A Data Management and Sharing Plan (DMS Plan) is required for any NIH-funded or conducted research that will generate scientific data. Applicants must submit the DMS Plan at the time of application using the NIH DMS Plan Format Page. The DMS Plan must address the elements in the structured format should not exceed two (2) pages. Where the DMS Plan Format Page requires a “Yes or No” response, no additional narrative is allowed.
When multiple years are involved, recipients will be required to submit the Research Performance Progress Report (RPPR) annually and financial statements as required in the NIH Grants Policy Statement Section 8.4.1 Reporting. To learn more about post-award monitoring and reporting, see the NIH Grants & Funding website, see Post-Award Monitoring and Reporting.

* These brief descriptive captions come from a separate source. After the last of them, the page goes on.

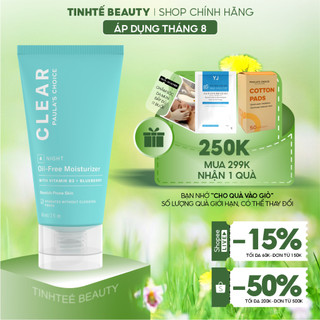 Kem dưỡng da dành cho da mụn Paula's Choice Clear Oil Free Moisturizer 15ml/60ml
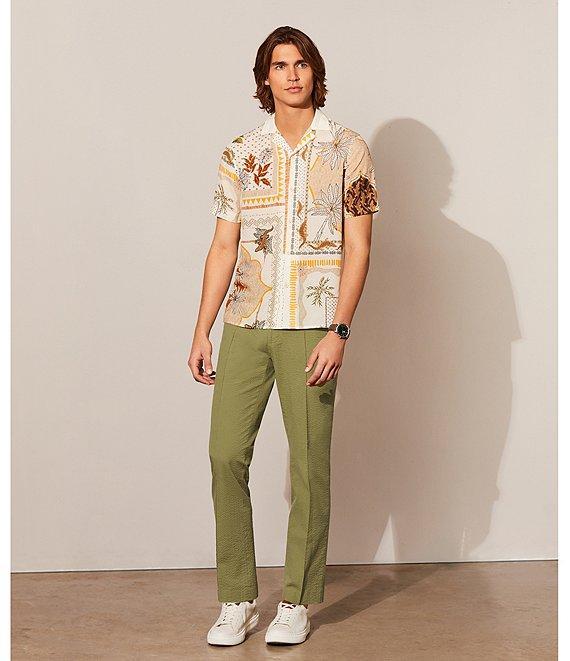 Murano Crocodile World Collection Alex Pintuck Seersucker Dress Pants Product Image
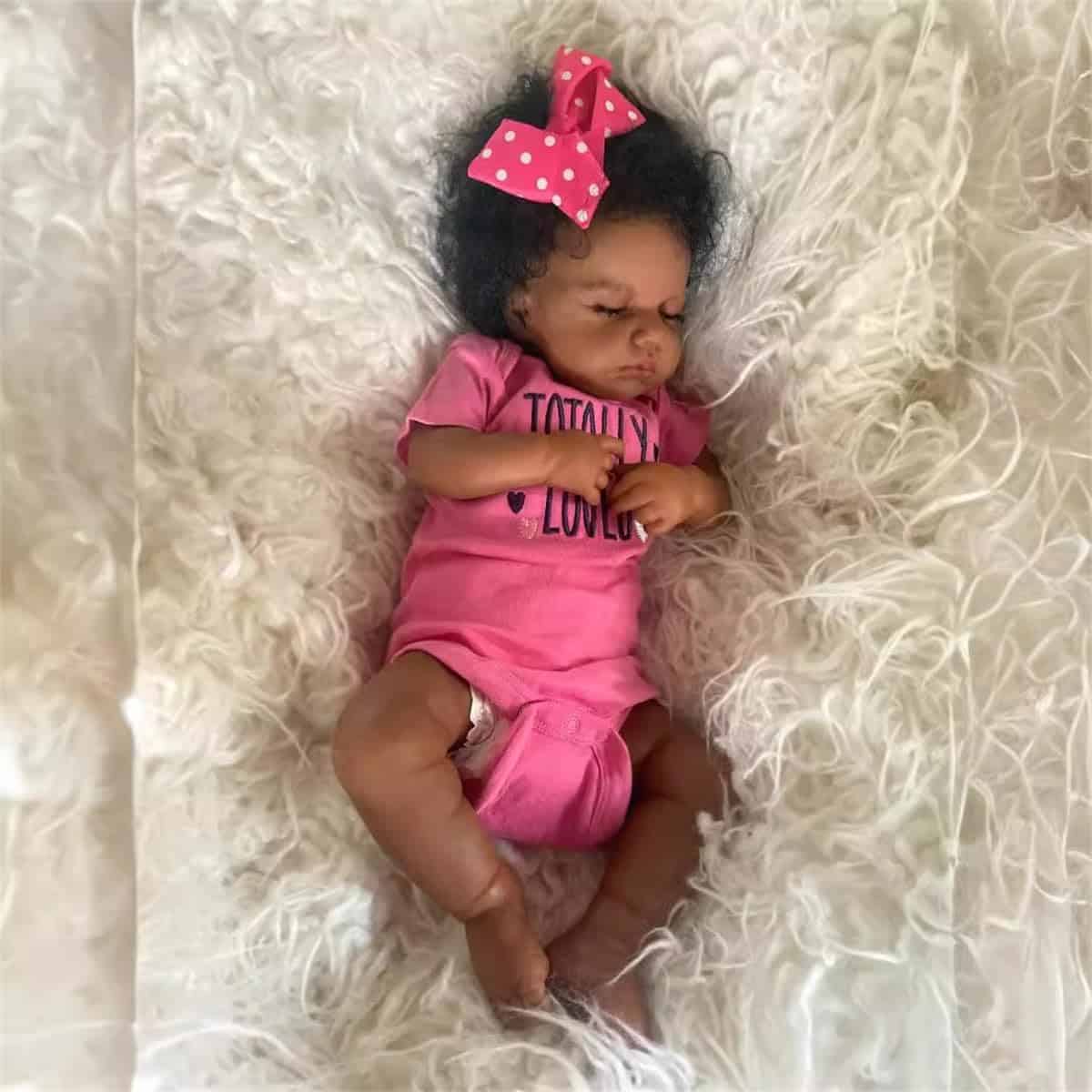 Muñeca Reborn Realista Negra - Muñecas Reborn de 20
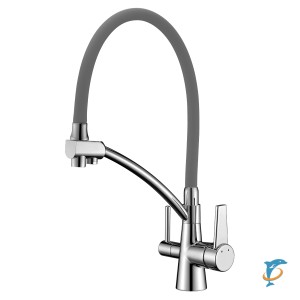 Смеситель Lemark Comfort LM3071C-Gray для кухни  с подключением к фильтру с питьевой водой  (LM3071C-Gray)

A final RPPR, invention statement, and the expenditure data portion of the Federal Financial Report are required for closeout of an award, as described in the NIH Grants Policy Statement Section 8.6 Closeout. NIH NOFOs outline intended research goals and objectives. Post award, NIH will review and measure performance based on the details and outcomes that are shared within the RPPR, as described at 2 CFR Part 200.301.
We encourage inquiries concerning this funding opportunity and welcome the opportunity to answer questions from potential applicants.
eRA Service Desk - Questions regarding ASSIST, eRA Commons, application errors and warnings, documenting system problems that threaten submission by the due date, and post-submission issues.
Grants.gov Support Center - Questions regarding Grants.gov registration and services (e.g., Workspace, subscriptions).
Division of Cardiovascular Sciences, HeartShare Team
National Heart, Lung, and Blood Institute (NHLBI)
Telephone: N/A
Email: nhlbiheartshare@mail.nih.gov
Examine your eRA Commons account for review assignment and contact information (information appears two weeks after the submission due date).
Center for Scientific Review (CSR)
Email: NOFOReviewContact@csr.nih.gov
Office of Grants Management
National Heart, Lung, and Blood Institute (NHLBI)
Email: NHLBIOGMInbox@nhlbi.nih.gov
Subject: RFA-HL-27-008
Recently issued trans-NIH policy notices may affect your application submission. A full list of policy notices published by NIH is provided in the NIH Guide for Grants and Contracts. All awards are subject to the terms and conditions, cost principles, and other considerations described in the NIH Grants Policy Statement.
Awards are made under the authorization of Sections 301 and 405 of the Public Health Service Act as amended (42 USC 241 and 284) and under Federal Regulations 42 CFR Part 52 and 2 CFR Part 200.